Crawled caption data
+-------+

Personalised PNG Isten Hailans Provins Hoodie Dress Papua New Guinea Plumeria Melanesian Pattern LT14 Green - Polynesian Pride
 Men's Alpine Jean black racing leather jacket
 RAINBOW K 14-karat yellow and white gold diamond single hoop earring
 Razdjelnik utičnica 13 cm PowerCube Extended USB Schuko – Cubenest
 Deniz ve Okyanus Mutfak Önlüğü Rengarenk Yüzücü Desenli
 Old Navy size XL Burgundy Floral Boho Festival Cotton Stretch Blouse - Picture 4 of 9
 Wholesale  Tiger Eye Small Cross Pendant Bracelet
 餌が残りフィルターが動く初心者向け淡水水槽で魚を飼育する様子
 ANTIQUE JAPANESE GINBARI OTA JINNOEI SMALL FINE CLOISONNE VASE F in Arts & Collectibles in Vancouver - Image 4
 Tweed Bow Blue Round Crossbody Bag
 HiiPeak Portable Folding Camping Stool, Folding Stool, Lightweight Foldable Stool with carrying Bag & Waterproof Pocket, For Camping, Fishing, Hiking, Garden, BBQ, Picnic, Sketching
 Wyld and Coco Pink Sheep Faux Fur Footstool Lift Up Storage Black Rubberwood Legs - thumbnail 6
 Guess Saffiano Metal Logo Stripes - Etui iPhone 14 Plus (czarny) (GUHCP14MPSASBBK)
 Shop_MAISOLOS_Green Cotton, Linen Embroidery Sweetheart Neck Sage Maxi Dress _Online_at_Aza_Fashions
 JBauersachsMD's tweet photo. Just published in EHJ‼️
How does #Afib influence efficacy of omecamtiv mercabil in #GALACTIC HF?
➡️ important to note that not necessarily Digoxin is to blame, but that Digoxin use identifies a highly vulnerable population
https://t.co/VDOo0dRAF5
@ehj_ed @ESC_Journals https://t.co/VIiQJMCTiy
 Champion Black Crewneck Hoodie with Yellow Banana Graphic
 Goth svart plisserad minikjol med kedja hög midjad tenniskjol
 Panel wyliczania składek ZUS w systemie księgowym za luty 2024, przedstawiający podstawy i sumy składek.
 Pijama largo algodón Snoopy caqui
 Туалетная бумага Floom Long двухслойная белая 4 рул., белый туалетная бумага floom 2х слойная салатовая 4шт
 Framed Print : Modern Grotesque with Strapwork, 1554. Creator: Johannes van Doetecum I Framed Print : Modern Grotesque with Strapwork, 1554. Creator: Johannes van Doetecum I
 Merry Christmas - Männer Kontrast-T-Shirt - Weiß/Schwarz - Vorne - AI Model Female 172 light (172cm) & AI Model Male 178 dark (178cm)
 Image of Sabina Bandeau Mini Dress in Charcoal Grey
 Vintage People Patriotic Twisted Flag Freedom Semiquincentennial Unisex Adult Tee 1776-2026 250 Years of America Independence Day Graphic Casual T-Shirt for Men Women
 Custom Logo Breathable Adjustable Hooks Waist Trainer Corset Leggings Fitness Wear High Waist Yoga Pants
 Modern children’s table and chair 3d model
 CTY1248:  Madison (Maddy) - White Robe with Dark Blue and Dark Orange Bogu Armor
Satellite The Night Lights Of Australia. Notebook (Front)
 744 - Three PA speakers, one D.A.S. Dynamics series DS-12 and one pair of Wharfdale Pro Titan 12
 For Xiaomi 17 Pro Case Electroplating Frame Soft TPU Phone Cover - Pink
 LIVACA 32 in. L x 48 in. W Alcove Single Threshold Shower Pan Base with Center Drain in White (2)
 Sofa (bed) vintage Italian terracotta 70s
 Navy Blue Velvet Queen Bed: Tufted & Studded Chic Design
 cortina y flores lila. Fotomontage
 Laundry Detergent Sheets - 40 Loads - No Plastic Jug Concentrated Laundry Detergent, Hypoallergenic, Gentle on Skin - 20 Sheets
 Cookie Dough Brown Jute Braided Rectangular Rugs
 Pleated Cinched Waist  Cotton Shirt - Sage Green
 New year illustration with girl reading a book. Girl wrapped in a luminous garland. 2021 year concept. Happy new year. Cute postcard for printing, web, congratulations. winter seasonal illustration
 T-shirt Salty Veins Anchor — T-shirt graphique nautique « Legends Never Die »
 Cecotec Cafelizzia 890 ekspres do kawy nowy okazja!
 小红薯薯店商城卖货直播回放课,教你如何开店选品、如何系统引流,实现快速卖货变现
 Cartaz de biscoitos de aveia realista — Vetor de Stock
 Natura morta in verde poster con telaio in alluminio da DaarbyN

+-------+

Using the records above, output exactly the lines from the first through the line that contains "Razdjelnik utičnica 13", with both of those included.

Personalised PNG Isten Hailans Provins Hoodie Dress Papua New Guinea Plumeria Melanesian Pattern LT14 Green - Polynesian Pride
 Men's Alpine Jean black racing leather jacket
 RAINBOW K 14-karat yellow and white gold diamond single hoop earring
 Razdjelnik utičnica 13 cm PowerCube Extended USB Schuko – Cubenest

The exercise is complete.